Muslim private schools can again expect visits from government supervisors.
The integration and education ministries plan a special supervision tour at 25 school, in order to ascertain that the schools aren't becoming a nursery for terrorists.
Education minister Bertel Haarder says that now, with Islamic terror, there's naturally particular reason to pay attention to the school, as they know what's going on in schools in Pakistan, where things have been allowed to develop.
The supervision will show if the schools are preparing their student to live in a society with freedom and popular rule. Should that not be the case, it will lead to changes in the private school laws, according to the plans, which have been received with criticism.
Ebbe Lilliendal Jørgensen, head of the Danish private schools association, says that if the government is again giving special attention to Muslim schools, this is being done without their backing.

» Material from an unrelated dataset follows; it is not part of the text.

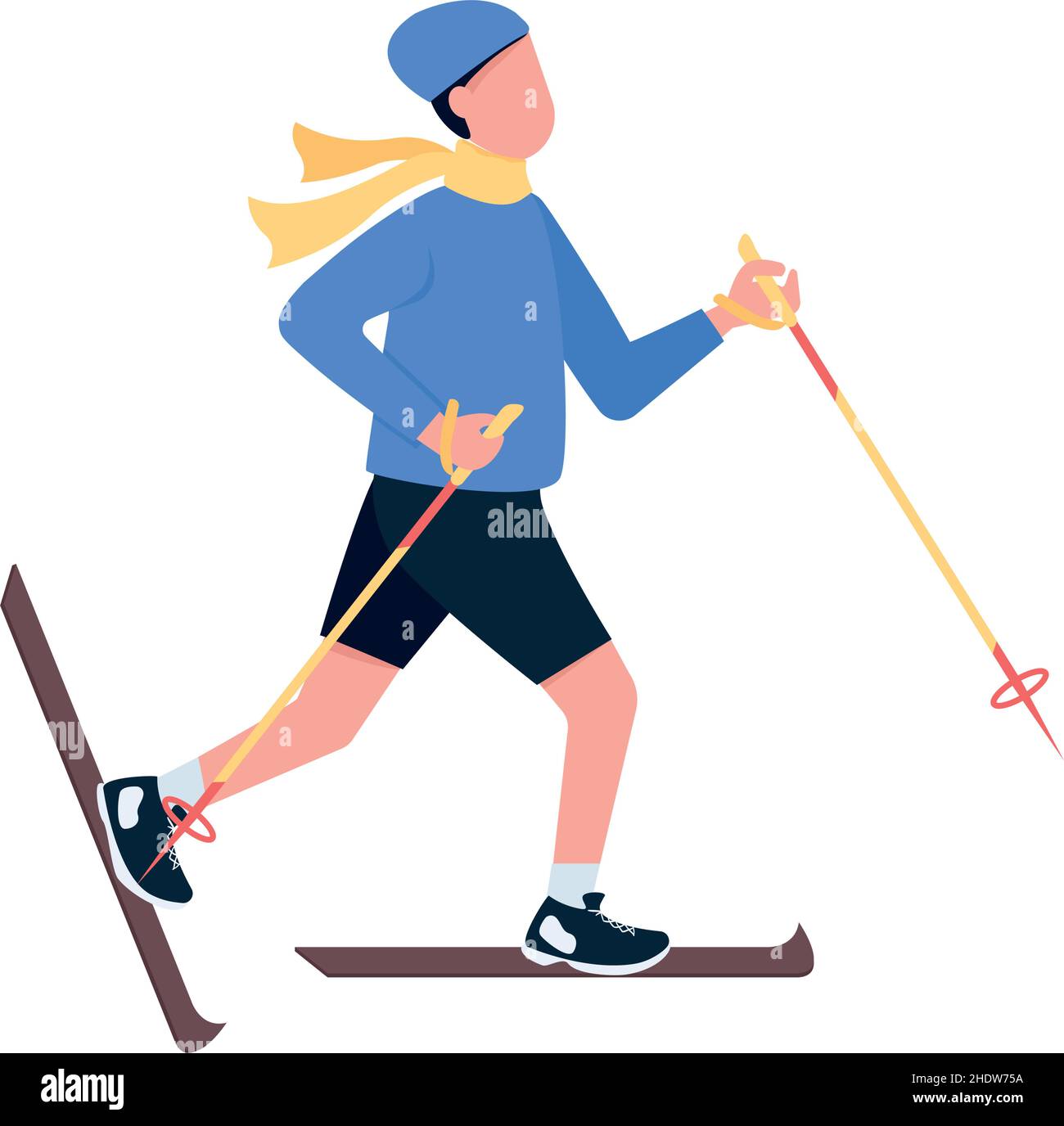 Man training on ski semi flat color vector character Stock Vector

He is dissatisfied that a few problems at several Muslim private schools might have great consequences for the rest of the private schools.
He says that it's very unfortunate that the government will put all schools in one bag, and that it's wrong to make laws for all the country's 500 private schools based on 25 who were particularly chosen out.
The education minister, however, says that the Danish Private School Association should stop seeing supervision as an attack.
Bertel Haarder asks everybody not to be so touch in this debate. Radicalization is a very serious issue, and it must be seen if something like this is going on in the schools.
The Muslim private schools had been an object of supervision in the past, but according to the Danish Private School Association, it had never been documented that any had omitted to teach their students freedom and popular rule.